Required action
Set out exactly every line of the entries below, starting at the line that holds "I use Wet and" and stopping after the line that holds "These are the".

Information shown
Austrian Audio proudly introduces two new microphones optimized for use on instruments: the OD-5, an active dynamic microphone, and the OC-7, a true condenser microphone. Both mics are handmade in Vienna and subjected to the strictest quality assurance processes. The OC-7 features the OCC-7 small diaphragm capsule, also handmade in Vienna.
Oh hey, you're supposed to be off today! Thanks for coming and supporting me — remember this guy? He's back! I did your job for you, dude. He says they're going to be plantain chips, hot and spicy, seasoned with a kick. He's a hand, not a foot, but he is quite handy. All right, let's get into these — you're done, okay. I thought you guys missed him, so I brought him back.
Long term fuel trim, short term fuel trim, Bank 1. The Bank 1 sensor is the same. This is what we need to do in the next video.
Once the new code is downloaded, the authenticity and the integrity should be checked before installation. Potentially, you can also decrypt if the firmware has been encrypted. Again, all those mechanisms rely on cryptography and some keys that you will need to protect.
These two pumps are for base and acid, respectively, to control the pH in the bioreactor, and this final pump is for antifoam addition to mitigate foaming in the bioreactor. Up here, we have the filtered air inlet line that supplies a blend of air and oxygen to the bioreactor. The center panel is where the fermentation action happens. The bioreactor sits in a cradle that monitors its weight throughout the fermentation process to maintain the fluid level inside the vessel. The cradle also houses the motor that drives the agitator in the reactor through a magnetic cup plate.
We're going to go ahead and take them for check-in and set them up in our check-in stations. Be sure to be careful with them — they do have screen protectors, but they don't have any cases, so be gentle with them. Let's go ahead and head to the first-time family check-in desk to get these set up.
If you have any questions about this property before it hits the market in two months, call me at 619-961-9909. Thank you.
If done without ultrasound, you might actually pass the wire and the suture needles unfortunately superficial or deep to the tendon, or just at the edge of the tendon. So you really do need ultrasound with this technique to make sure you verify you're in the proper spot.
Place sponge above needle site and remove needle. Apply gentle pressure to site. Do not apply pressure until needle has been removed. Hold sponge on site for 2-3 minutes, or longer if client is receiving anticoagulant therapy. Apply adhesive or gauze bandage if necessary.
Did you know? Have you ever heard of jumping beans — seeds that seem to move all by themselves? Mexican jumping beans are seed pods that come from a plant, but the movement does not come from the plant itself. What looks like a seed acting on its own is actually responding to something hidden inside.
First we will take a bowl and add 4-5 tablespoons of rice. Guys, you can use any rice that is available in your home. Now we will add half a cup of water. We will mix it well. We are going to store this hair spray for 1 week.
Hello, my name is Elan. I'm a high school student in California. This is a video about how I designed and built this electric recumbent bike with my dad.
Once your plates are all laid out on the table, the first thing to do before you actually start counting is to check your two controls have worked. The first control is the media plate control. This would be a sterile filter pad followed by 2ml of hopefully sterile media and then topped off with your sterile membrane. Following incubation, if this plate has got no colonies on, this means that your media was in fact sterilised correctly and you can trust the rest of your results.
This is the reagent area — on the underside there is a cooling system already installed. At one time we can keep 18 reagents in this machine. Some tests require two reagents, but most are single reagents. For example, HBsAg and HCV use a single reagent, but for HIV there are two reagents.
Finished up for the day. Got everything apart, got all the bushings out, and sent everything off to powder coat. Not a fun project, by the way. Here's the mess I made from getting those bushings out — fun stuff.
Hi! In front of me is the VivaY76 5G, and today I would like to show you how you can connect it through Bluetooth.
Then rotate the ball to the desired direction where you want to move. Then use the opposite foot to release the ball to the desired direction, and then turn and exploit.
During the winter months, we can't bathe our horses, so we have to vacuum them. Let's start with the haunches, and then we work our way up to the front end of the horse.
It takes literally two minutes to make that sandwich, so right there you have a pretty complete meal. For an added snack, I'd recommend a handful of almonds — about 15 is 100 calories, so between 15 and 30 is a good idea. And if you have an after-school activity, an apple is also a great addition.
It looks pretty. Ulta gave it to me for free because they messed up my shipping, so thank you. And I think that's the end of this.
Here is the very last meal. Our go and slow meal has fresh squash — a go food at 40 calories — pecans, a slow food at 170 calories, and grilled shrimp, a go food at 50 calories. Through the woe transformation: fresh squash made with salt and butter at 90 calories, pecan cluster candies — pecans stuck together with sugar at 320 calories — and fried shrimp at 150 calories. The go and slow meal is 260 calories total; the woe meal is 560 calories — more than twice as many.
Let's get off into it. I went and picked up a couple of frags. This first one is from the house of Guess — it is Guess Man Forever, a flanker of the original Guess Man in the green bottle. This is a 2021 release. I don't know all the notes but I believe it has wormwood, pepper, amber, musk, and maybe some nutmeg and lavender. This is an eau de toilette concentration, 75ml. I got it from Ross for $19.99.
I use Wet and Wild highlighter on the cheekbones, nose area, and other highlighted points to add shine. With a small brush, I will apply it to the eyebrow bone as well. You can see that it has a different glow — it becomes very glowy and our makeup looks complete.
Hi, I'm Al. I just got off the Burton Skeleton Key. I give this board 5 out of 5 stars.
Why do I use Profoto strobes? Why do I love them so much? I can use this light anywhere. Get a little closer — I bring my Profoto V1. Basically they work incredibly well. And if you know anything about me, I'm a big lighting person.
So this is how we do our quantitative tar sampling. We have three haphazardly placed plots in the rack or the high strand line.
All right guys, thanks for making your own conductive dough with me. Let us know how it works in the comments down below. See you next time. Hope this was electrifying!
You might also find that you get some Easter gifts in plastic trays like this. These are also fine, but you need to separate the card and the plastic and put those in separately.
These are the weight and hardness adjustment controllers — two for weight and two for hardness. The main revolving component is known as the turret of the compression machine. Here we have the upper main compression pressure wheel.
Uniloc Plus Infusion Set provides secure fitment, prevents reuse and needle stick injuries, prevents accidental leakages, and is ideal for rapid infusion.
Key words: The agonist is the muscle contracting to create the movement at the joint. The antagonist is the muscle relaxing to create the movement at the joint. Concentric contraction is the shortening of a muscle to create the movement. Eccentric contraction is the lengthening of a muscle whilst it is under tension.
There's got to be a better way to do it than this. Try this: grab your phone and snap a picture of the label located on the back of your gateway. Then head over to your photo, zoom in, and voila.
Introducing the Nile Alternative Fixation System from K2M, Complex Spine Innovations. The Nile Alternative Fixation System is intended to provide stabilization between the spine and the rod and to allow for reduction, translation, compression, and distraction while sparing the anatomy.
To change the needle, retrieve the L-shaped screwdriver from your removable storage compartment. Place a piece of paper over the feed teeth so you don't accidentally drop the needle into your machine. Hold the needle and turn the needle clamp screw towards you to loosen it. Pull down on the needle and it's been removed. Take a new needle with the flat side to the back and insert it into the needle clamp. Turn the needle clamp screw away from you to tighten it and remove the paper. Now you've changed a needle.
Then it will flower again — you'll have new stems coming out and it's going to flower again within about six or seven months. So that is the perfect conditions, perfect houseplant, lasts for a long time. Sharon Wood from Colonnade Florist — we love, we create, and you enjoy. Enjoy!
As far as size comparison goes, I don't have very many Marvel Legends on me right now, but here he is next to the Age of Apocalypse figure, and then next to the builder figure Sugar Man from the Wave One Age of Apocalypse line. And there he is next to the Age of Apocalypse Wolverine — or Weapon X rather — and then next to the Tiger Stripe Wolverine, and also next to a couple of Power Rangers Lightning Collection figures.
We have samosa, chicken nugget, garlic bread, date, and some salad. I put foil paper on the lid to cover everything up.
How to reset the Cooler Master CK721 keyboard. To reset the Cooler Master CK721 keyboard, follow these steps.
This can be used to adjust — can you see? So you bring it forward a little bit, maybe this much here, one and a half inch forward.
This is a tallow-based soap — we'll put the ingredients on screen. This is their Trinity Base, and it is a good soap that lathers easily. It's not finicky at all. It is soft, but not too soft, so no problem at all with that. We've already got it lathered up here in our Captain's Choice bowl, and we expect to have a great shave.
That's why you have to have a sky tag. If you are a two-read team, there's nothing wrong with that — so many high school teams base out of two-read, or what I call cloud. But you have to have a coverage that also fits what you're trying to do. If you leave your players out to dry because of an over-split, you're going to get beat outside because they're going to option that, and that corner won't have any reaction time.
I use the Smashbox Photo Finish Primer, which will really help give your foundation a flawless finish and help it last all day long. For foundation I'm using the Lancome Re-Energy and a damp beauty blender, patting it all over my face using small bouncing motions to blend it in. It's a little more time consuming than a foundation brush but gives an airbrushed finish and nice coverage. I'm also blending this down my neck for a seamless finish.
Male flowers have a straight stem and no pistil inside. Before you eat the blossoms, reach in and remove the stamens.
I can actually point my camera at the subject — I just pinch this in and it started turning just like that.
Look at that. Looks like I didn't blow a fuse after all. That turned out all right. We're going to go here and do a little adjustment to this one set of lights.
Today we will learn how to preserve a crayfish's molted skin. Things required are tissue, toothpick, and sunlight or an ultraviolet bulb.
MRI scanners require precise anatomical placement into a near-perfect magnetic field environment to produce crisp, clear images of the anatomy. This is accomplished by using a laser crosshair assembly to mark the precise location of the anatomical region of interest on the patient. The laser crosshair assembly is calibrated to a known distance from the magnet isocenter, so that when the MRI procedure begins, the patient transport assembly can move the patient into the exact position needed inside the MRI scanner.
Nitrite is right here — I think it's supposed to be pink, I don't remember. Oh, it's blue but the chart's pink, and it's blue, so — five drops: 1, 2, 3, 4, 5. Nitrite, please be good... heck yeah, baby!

Task result
I use Wet and Wild highlighter on the cheekbones, nose area, and other highlighted points to add shine. With a small brush, I will apply it to the eyebrow bone as well. You can see that it has a different glow — it becomes very glowy and our makeup looks complete.
Hi, I'm Al. I just got off the Burton Skeleton Key. I give this board 5 out of 5 stars.
Why do I use Profoto strobes? Why do I love them so much? I can use this light anywhere. Get a little closer — I bring my Profoto V1. Basically they work incredibly well. And if you know anything about me, I'm a big lighting person.
So this is how we do our quantitative tar sampling. We have three haphazardly placed plots in the rack or the high strand line.
All right guys, thanks for making your own conductive dough with me. Let us know how it works in the comments down below. See you next time. Hope this was electrifying!
You might also find that you get some Easter gifts in plastic trays like this. These are also fine, but you need to separate the card and the plastic and put those in separately.
These are the weight and hardness adjustment controllers — two for weight and two for hardness. The main revolving component is known as the turret of the compression machine. Here we have the upper main compression pressure wheel.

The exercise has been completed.